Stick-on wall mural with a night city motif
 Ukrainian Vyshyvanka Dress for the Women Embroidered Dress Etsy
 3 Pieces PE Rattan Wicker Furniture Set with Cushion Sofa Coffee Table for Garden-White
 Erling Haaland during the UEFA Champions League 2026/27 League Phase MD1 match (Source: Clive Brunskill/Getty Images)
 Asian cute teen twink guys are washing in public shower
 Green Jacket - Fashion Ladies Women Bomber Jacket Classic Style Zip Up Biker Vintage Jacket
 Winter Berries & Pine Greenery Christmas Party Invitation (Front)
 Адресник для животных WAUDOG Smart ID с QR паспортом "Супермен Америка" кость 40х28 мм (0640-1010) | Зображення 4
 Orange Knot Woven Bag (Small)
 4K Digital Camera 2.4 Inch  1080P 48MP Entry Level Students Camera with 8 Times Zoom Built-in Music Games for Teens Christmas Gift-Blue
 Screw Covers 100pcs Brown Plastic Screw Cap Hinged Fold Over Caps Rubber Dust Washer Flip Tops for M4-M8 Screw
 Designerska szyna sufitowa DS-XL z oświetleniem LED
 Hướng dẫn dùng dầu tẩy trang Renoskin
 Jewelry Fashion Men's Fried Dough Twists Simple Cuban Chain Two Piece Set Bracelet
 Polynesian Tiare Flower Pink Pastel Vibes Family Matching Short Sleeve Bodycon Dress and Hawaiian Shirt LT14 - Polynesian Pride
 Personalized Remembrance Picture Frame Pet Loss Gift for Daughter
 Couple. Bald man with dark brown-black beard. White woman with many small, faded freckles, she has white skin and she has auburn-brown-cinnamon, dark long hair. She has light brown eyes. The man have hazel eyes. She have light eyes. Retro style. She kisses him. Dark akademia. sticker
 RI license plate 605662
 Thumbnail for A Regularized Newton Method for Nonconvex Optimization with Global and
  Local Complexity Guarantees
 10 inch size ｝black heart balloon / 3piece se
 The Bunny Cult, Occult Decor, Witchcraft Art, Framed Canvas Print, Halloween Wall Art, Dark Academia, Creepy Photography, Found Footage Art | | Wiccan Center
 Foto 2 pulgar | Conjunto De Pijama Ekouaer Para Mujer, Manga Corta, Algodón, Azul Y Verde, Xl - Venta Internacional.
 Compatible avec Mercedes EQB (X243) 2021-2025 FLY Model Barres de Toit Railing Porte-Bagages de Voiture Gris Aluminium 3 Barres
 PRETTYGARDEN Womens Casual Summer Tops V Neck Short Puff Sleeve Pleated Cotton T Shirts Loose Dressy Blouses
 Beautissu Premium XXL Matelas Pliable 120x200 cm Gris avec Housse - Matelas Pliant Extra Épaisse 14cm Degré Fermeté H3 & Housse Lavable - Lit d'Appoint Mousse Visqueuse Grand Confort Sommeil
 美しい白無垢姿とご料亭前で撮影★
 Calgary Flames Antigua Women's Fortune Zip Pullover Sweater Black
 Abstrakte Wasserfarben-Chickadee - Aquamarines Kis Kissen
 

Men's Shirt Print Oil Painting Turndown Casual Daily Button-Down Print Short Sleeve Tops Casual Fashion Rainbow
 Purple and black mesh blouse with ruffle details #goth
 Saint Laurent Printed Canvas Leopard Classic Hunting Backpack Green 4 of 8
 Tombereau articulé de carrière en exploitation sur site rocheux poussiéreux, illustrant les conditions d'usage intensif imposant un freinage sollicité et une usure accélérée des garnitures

▶ [Aim of the task]:
Using the data above, reproduce exactly the lines between those holding "Orange Knot Woven Bag (Small)" and "10 inch size", inclusive, and no others.

▶ [Exercise result]:
 Orange Knot Woven Bag (Small)
 4K Digital Camera 2.4 Inch  1080P 48MP Entry Level Students Camera with 8 Times Zoom Built-in Music Games for Teens Christmas Gift-Blue
 Screw Covers 100pcs Brown Plastic Screw Cap Hinged Fold Over Caps Rubber Dust Washer Flip Tops for M4-M8 Screw
 Designerska szyna sufitowa DS-XL z oświetleniem LED
 Hướng dẫn dùng dầu tẩy trang Renoskin
 Jewelry Fashion Men's Fried Dough Twists Simple Cuban Chain Two Piece Set Bracelet
 Polynesian Tiare Flower Pink Pastel Vibes Family Matching Short Sleeve Bodycon Dress and Hawaiian Shirt LT14 - Polynesian Pride
 Personalized Remembrance Picture Frame Pet Loss Gift for Daughter
 Couple. Bald man with dark brown-black beard. White woman with many small, faded freckles, she has white skin and she has auburn-brown-cinnamon, dark long hair. She has light brown eyes. The man have hazel eyes. She have light eyes. Retro style. She kisses him. Dark akademia. sticker
 RI license plate 605662
 Thumbnail for A Regularized Newton Method for Nonconvex Optimization with Global and
  Local Complexity Guarantees
 10 inch size ｝black heart balloon / 3piece se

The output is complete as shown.